BDCamões DependencyBank (Part I)
Handle: | https://hdl.handle.net/21.11129/0000-000D-F8AA-C (persistent URL to this page) |
---|
BDCamões Corpus - Collection of Portuguese Literary Documents from the Digital Library of Camões I.P., is a collection of literary documents written in Portuguese, in plain text .txt format, with close to 4 million words from over 200 complete documents from 83 authors in 14 genres, covering a time span from the 15th to the 21st century, and adhering to different orthographic conventions. This set of characteristics makes of BDCamões an invaluable resource for research in Language Science and Technology, and in Digital Humanities.

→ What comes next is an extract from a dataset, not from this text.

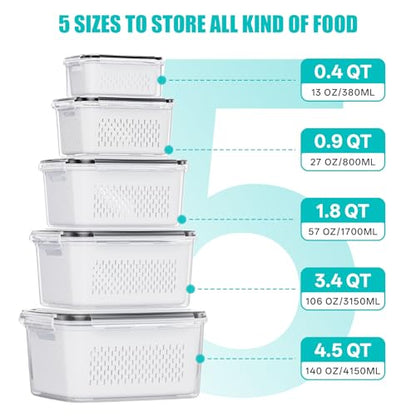 HOMETALL 5 Pack Fruit Storage Containers for Fridge Set, Fruit Washing Bowl with Strainer, Reusable Fridge Organizers and Storage for Berry Salad Lettuce, Size 4.5, 3.4, 1.8, 0.9, 0.4QT - size: 5PCS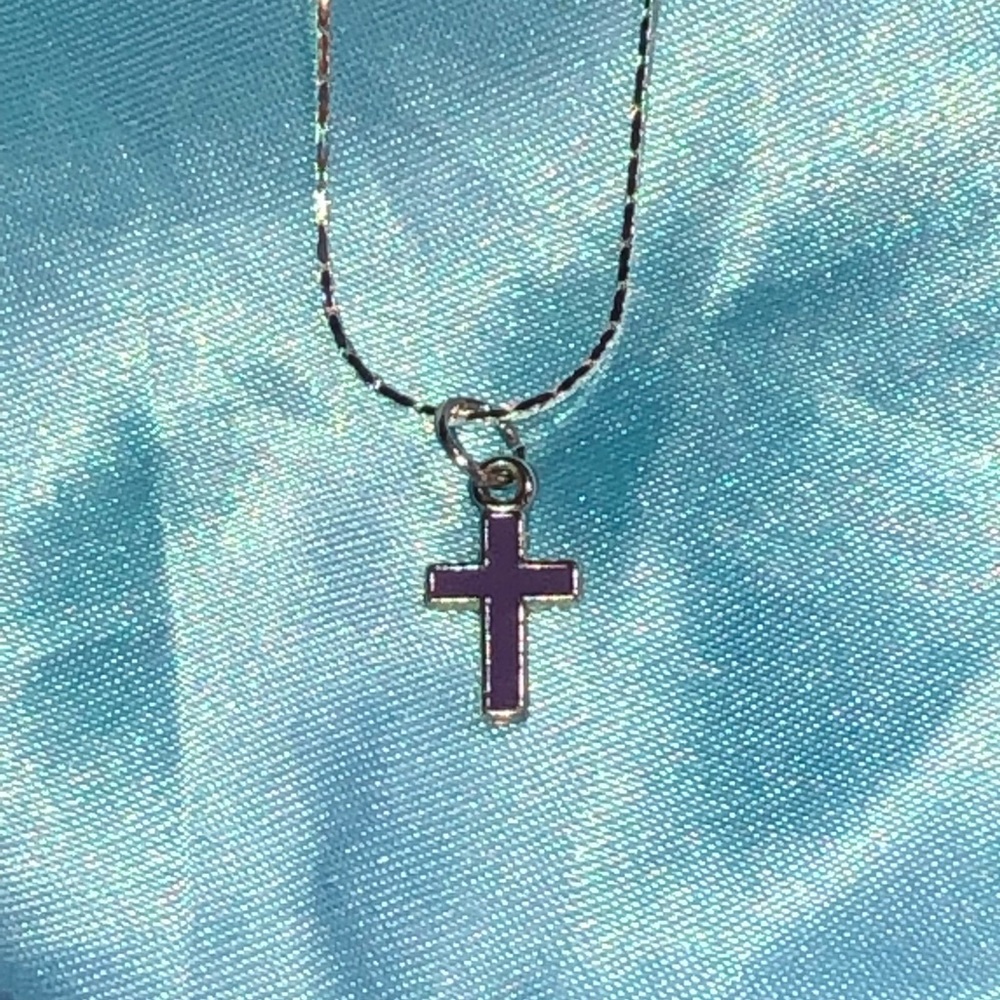 Purple cross pendant on long silver necklace chain - Picture 2 of 8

All Modern Portuguese documents, or which are older but whose edition has been transcribed into that orthographic norm, have been automatically parsed with state-of-the-art language processing tools for Portuguese (Branco and Silva, 2006), and thus annotated with linguistic information that follows from the design of these tools and that can be found in detail in their guidelines and documentation (Branco et al., 2015).
The resulting linguistic annotation comprises part-of-speech tags (e.g. PREP, ADV, etc.), morphology (lemmas for words from the open categories; gender and number for words from nominal categories; tense, aspect, person and number for verbs), named entities (in BIO notation), syntactic analysis in terms of graphs of grammatical dependencies (e.g. SJ, OBL, M, etc.), and semantic analysis in terms of semantic roles (e.g. ARG1, ARG2, LOC, etc.). A second version of the dependency graphs was obtained by converting them to the so called Universal Dependencies (de Marneffe et al., 2014).
BDCamões DependencyBank is distributed in two parts. Part I is distributed with license CC-BY, and Part II with license MS NC-NoReD-ND 2.0.
This Part I consists of 114 complete documents, comprising over 3.4 million tokens.